- ENTRIES PROVIDED

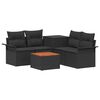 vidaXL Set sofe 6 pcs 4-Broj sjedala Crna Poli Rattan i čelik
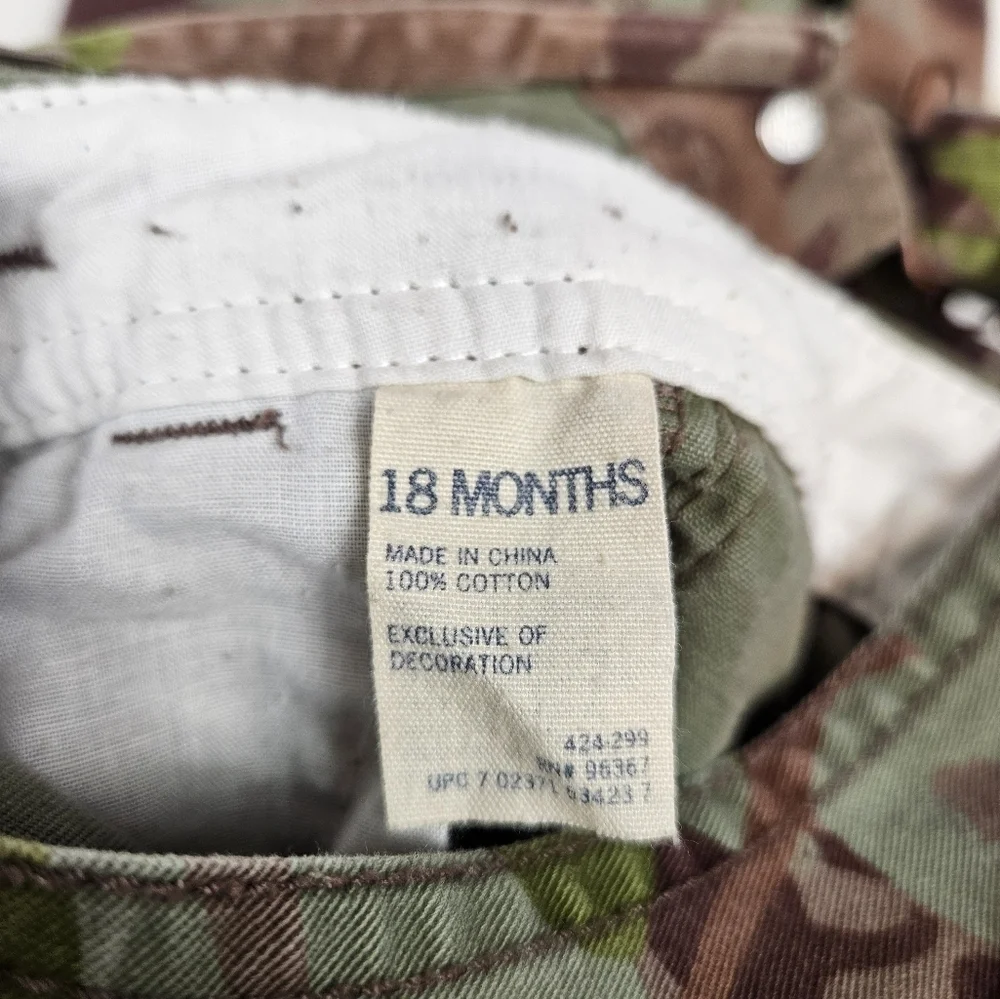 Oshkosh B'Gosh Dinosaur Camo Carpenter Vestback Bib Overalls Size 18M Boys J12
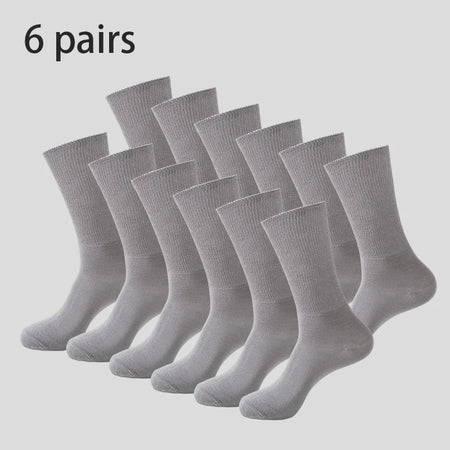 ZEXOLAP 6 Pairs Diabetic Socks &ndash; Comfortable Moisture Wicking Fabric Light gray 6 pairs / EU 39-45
* * *
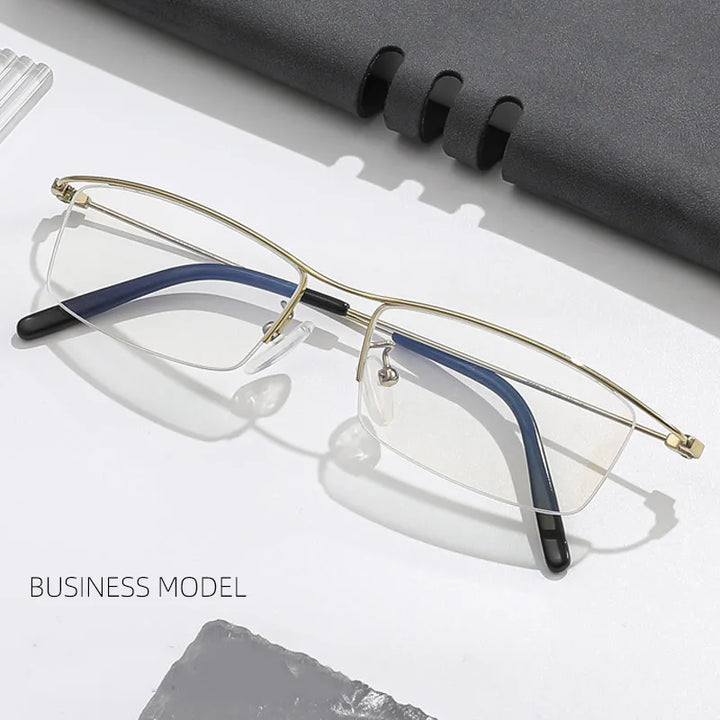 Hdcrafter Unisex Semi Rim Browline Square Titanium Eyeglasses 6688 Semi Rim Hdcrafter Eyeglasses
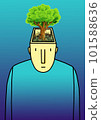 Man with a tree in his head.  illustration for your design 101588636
...
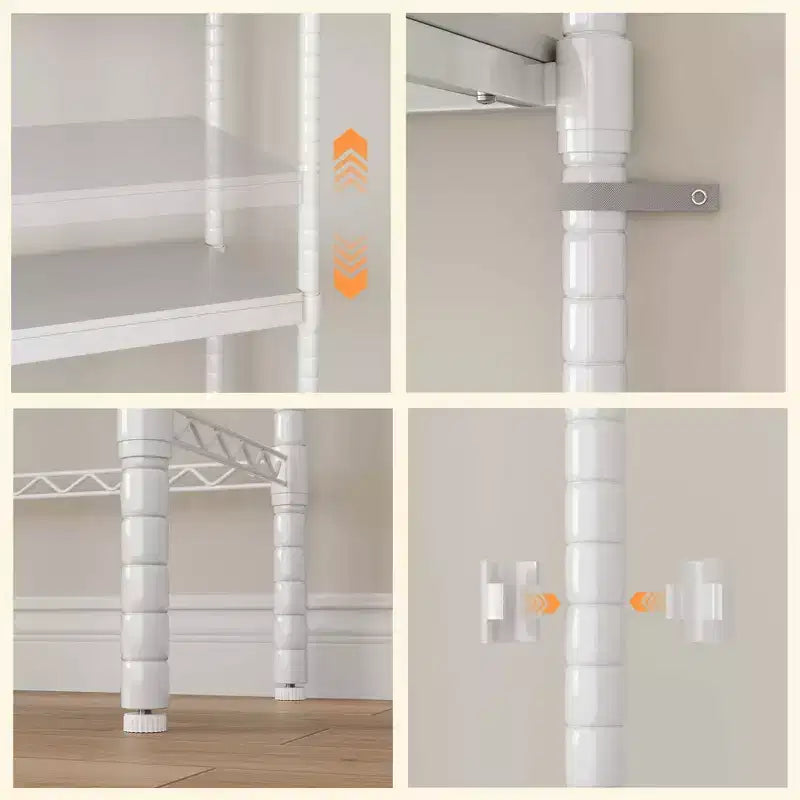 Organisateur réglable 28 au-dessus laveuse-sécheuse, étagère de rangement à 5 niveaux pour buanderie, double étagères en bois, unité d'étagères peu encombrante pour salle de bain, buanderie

- WHAT IS REQUIRED
Would you output the lines above from the line holding "vidaXL Set sofe" up to and including the line holding "ZEXOLAP 6 Pairs", exactly and only those, with no pictures?

- ANSWER SECTION
 vidaXL Set sofe 6 pcs 4-Broj sjedala Crna Poli Rattan i čelik
 Oshkosh B'Gosh Dinosaur Camo Carpenter Vestback Bib Overalls Size 18M Boys J12
 ZEXOLAP 6 Pairs Diabetic Socks &ndash; Comfortable Moisture Wicking Fabric Light gray 6 pairs / EU 39-45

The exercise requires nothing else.